= Beginning of Section =

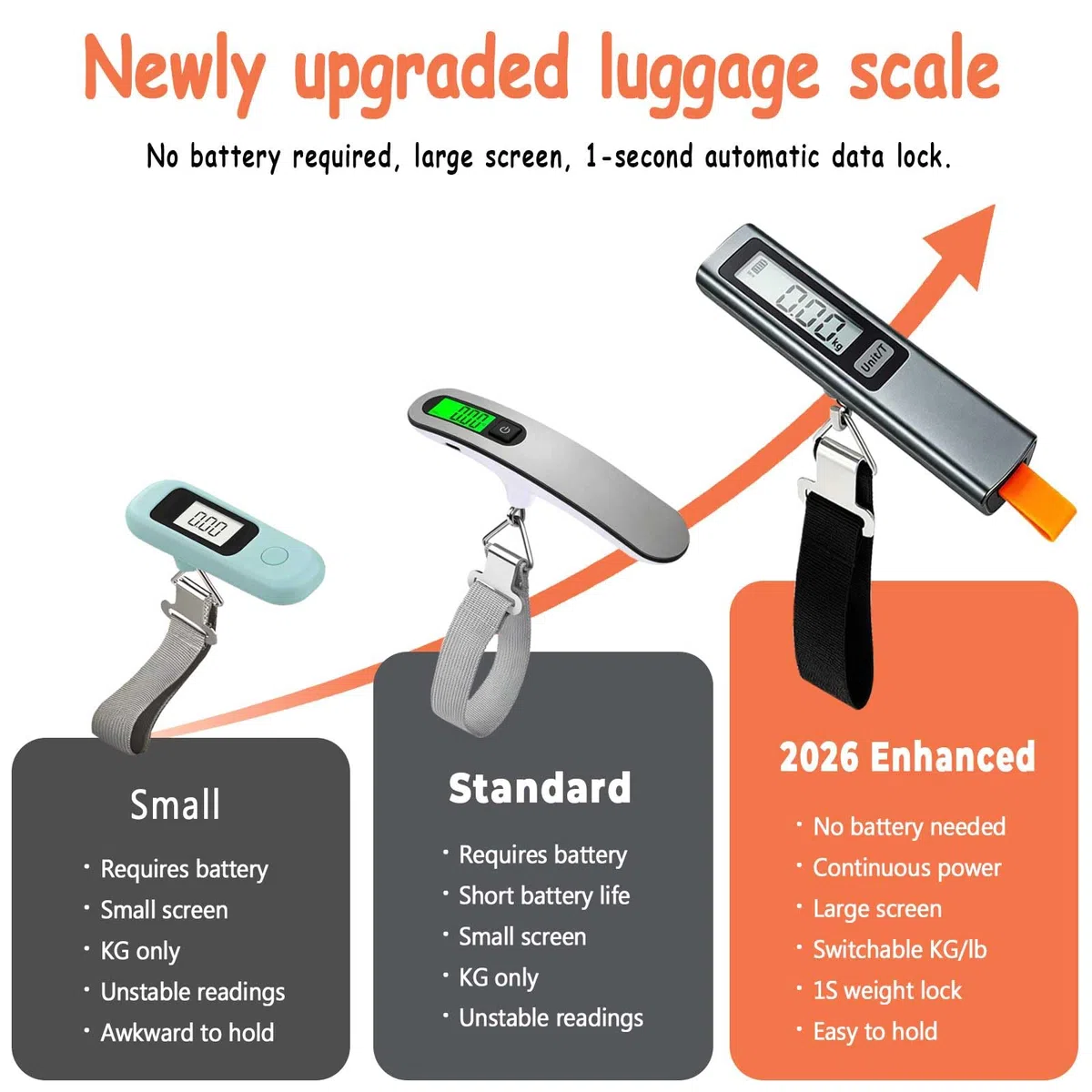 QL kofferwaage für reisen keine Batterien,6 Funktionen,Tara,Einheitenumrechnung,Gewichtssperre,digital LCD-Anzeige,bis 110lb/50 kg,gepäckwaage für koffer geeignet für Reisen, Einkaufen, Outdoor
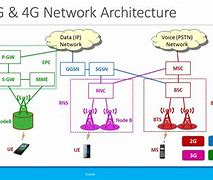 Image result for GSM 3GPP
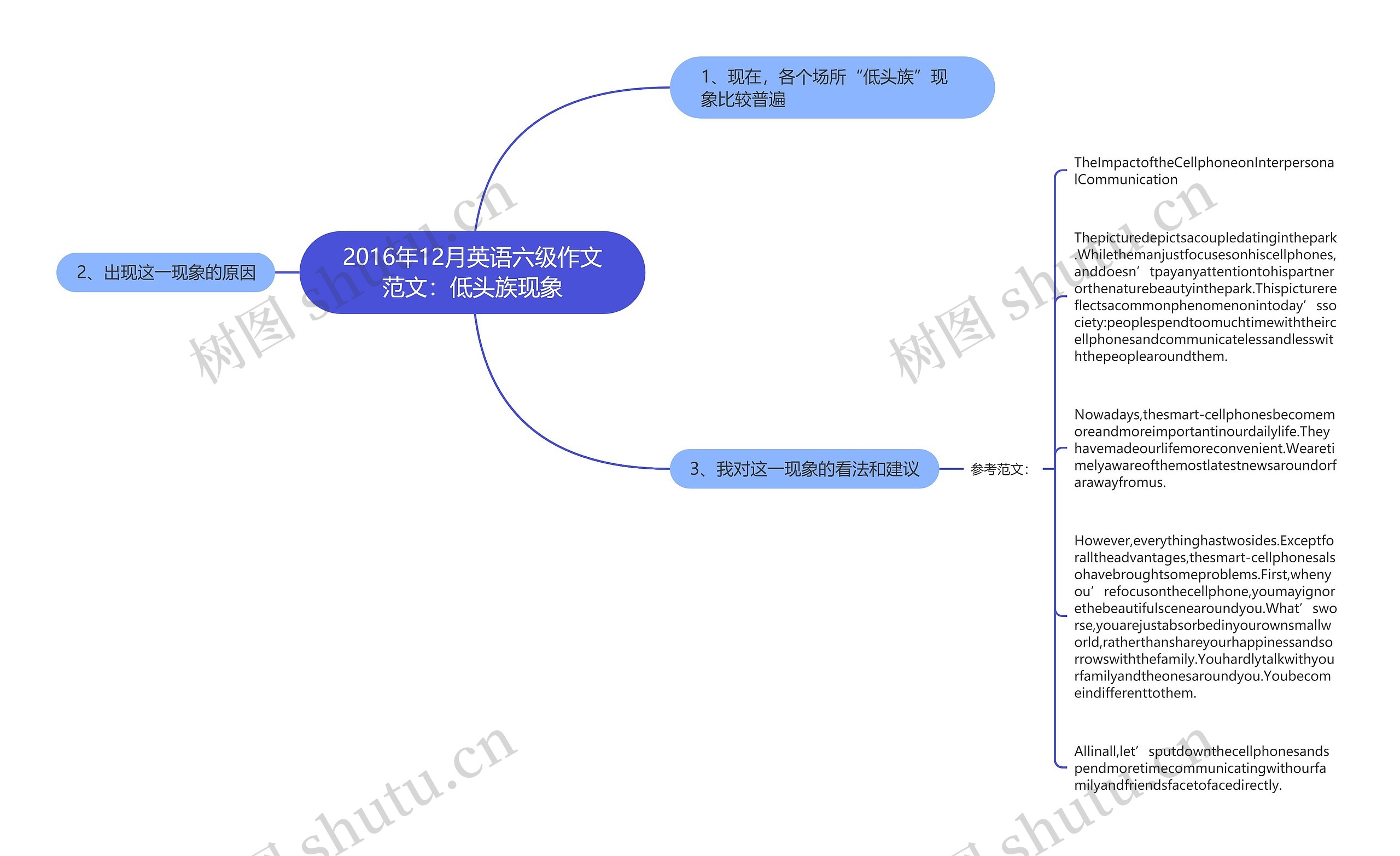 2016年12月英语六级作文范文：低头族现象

= End of Section =

Activity — The data above are to be repeated word for word, with any pictures left out.

Answer to the problem —
 QL kofferwaage für reisen keine Batterien,6 Funktionen,Tara,Einheitenumrechnung,Gewichtssperre,digital LCD-Anzeige,bis 110lb/50 kg,gepäckwaage für koffer geeignet für Reisen, Einkaufen, Outdoor
 Image result for GSM 3GPP
 2016年12月英语六级作文范文：低头族现象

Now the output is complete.